▶ [WHAT IS REQUIRED]: Going line by line through the records below, write out everything starting with the line containing "Boeing T-45 Goshawk" and going on through the line containing "Pescador Yacht Photos", exactly and inclusively. Pictures do not go in.

▶ [STUDY MATERIAL]:

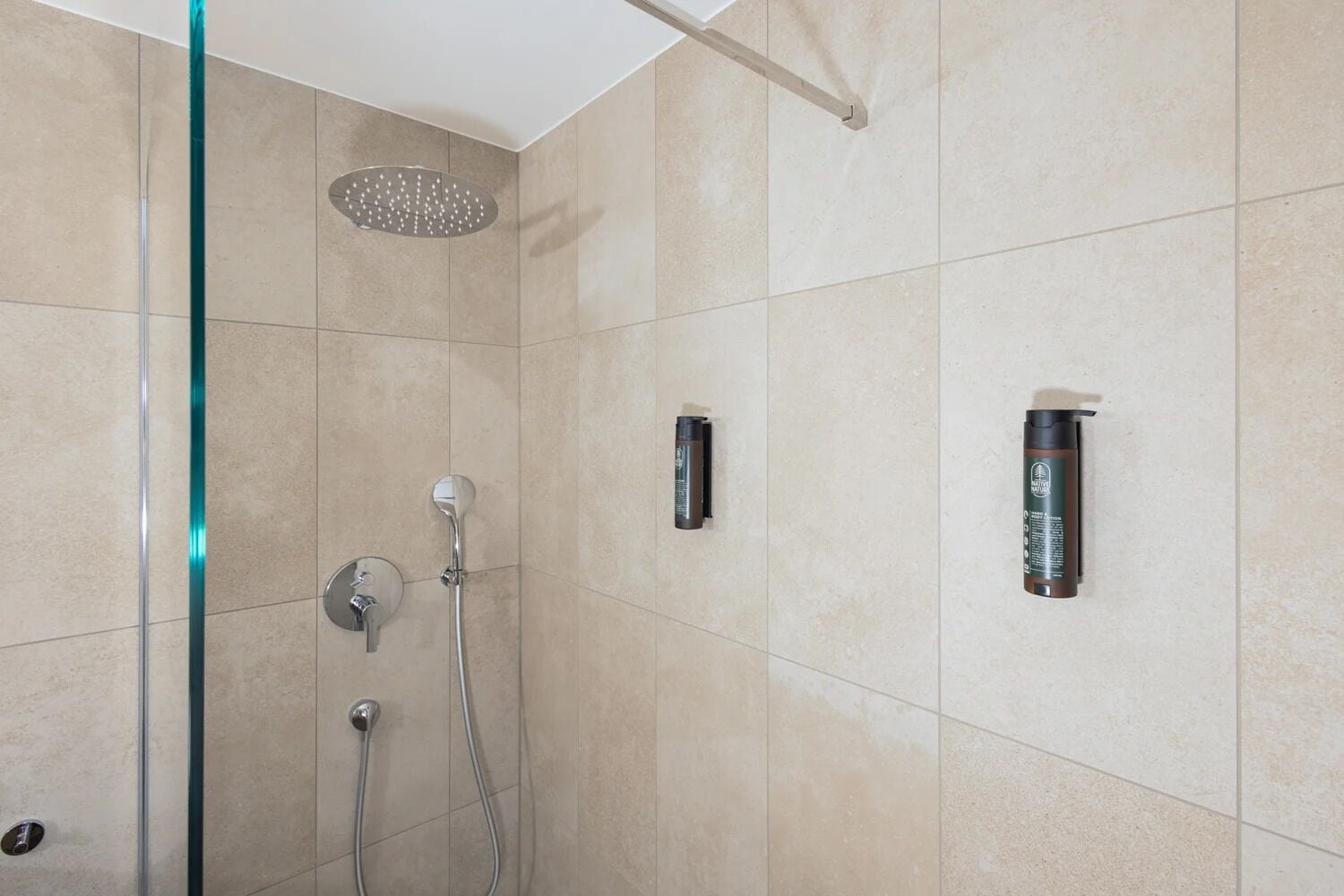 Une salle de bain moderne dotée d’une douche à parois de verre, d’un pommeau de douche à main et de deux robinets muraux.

...

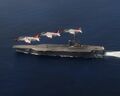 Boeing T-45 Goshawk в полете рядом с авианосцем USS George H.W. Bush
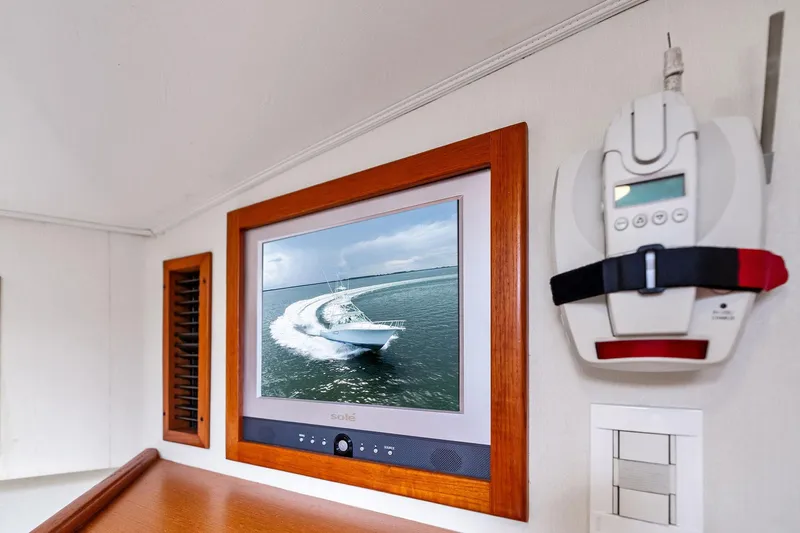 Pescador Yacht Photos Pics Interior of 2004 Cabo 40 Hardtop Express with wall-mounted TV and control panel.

* * *

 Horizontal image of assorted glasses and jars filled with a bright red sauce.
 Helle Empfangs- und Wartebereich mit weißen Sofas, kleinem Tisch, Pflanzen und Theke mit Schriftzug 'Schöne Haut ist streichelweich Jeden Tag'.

▶ [OUTPUT FOR THIS TASK]:
 Boeing T-45 Goshawk в полете рядом с авианосцем USS George H.W. Bush
 Pescador Yacht Photos Pics Interior of 2004 Cabo 40 Hardtop Express with wall-mounted TV and control panel.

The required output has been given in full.